続く「犬饅頭」は、小さな菓子屋〈三好屋〉の主人・茂吉が、扇五郎に絡め取られて饅頭作りにのめり込み、人が変わったようになっていくさまに圧倒される一編。折しも茶屋や料理屋、一膳飯屋が幕の内弁当をこさえて芝居小屋で売るようになった〈幕の内合戦〉の様相を呈してきたころ、茂吉が森田座の小屋で売っているのは昔ながらの蒸し饅頭ときた。下がる売り上げに思案していたある晩、森田座の桟敷番・田助から、扇五郎が犬殺しに手を染めているとのうわさを聞かされる。〈ひでえことこそ面白い。芝居だって同じようなものだと思わねえかい〉という田助の言葉に背中を押され、茂吉が犬の形の饅頭を作ったところ、大当たり。饅頭人気が茂吉と扇五郎とを結びつけ、犬殺しの評判はますます沸騰する。小屋も茂吉の家庭も混乱する中、扇五郎は茂吉に言うのだ。〈お前さんも饅頭のためならなんでもできちまう人間なんだよ〉、自分と同類なのだよ、と。さらなる茂吉の狂気に、背筋が寒くなる。

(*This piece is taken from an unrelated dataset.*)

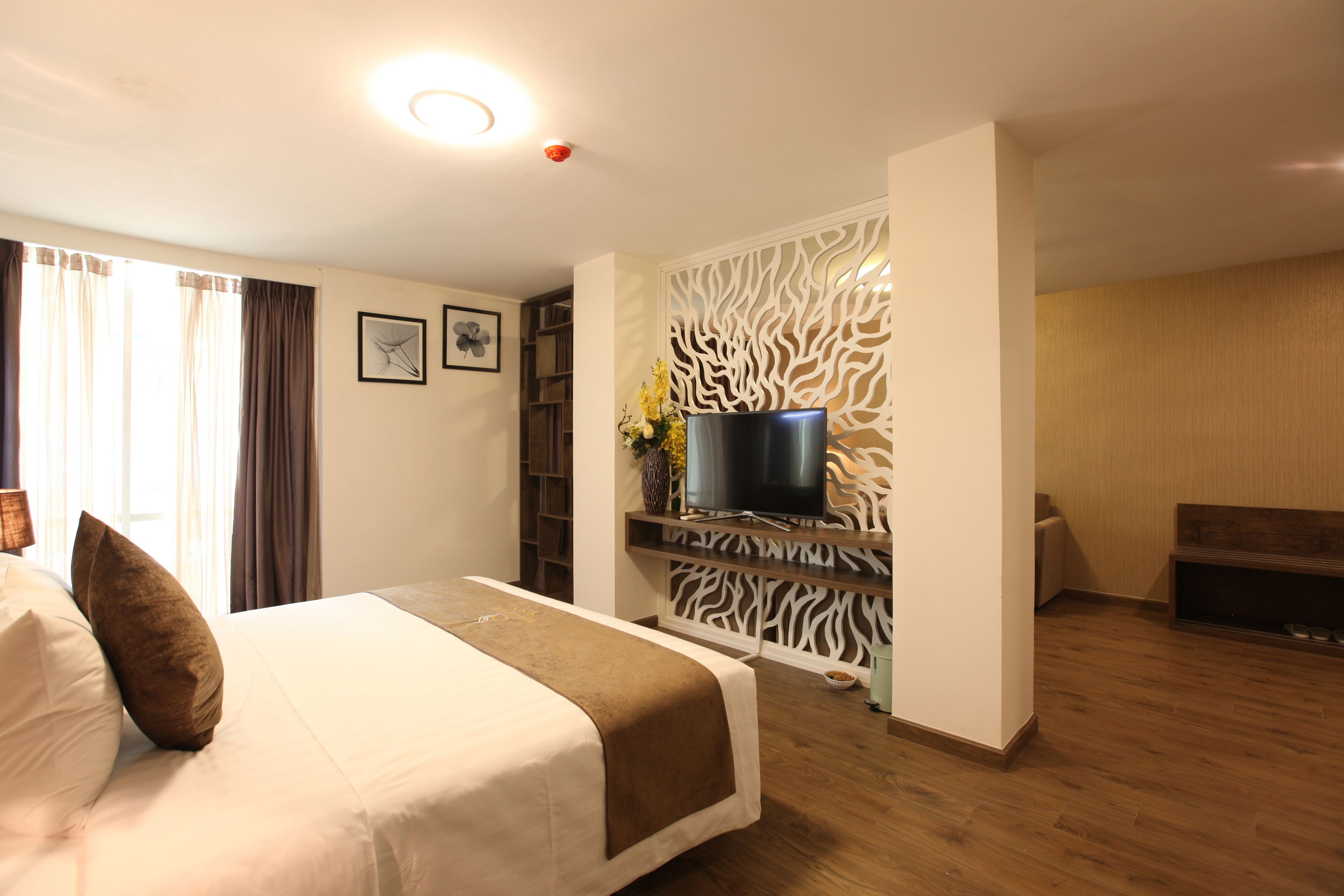 A hotel room with a bed, a television on a stand, a decorative wall panel, and a wooden floor.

三話めは、舞台衣裳専門の仕立て屋〈丹色屋〉が舞台となる「凡凡衣裳」だ。丹色屋で師匠の手伝いをするお辰は森田座で相中に上がったばかりの市之助の衣裳をやっと担当することになったのに、市之助はお辰の思案に難癖つけてばかり。犬猿の仲だったふたりだが、実は似たもの同士と気づいたことで、息を合わせ、見事衣裳を完成させた。ところが、市之助は衣裳を持ち帰ったその晩に殺され、衣裳も盗まれる。犯人の狙いは、あの〈上上上出来の一着〉だったのか。そんな疑惑を引きずりながら、市之助殺しの下手人探しを掻き回す木戸芸者の話「狛犬芸者」へ。続く「鬘比べ」で、座付き鬘屋の柳斎を主役に、ミステリーとしては仰天の荒技とも言うべき、さらなる悲劇が起きるという流れ。そして、すべての解決編となる最終話、扇五郎の妻・お栄と、扇五郎と火花を散らしていた名題役者の寛次が探偵役を担い、「女房役者の板」へと雪崩れ込む。

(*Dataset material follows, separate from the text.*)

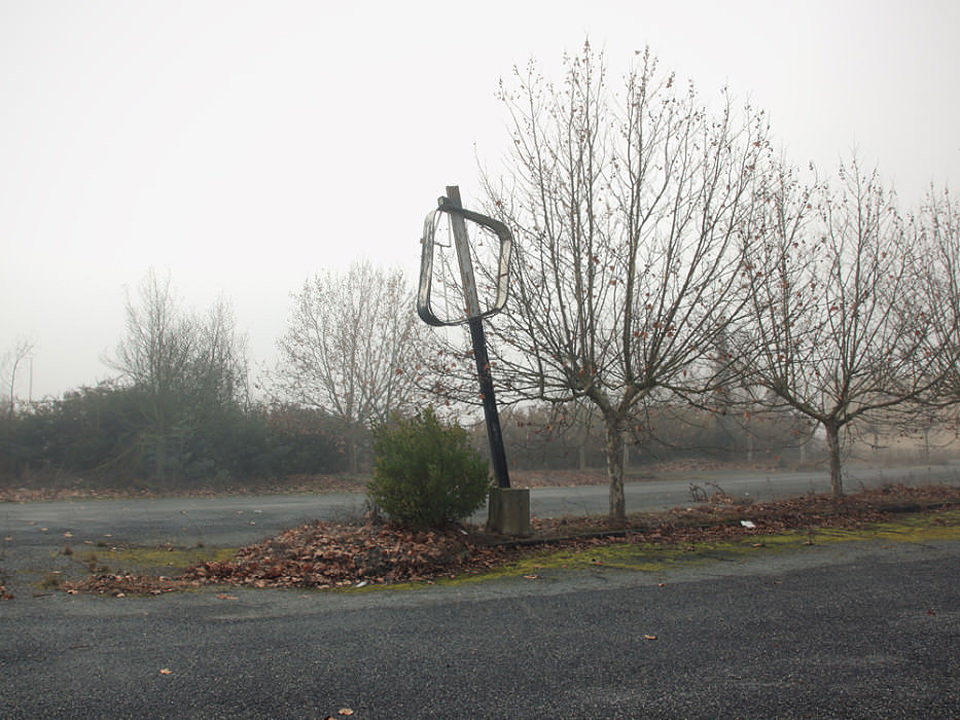 Das Skelett eines Schildes auf einer Straßeninsel vor dichtem Nebel.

語り手は一話ごとに変わり、各話の味わいは多彩だ。流行りの着物やベストセラー、芝居見物の様子など、当時の風俗やトレンドの知識をさりげなく物語に組み込む親切設計。うるっとさせる圧巻のラストも用意され、森田座の手がけた大芝居を通しで見たかのようなスペクタクル感に陶然となる。この筆力にうならずにはいられない。
蝉谷は好きを極める人を愛し、応援しているのは確かだが、魚之助と藤九郎が見立て殺人を解き明かす『化け者手本』で、それは人の枠を外れても手放しで許されるものなのか、と読者に突きつけた。実は本書でも、そのもやもやは繰り返し、問われる。その答えは、読み終わったときにひとりひとりの胸に浮かぶかもしれない。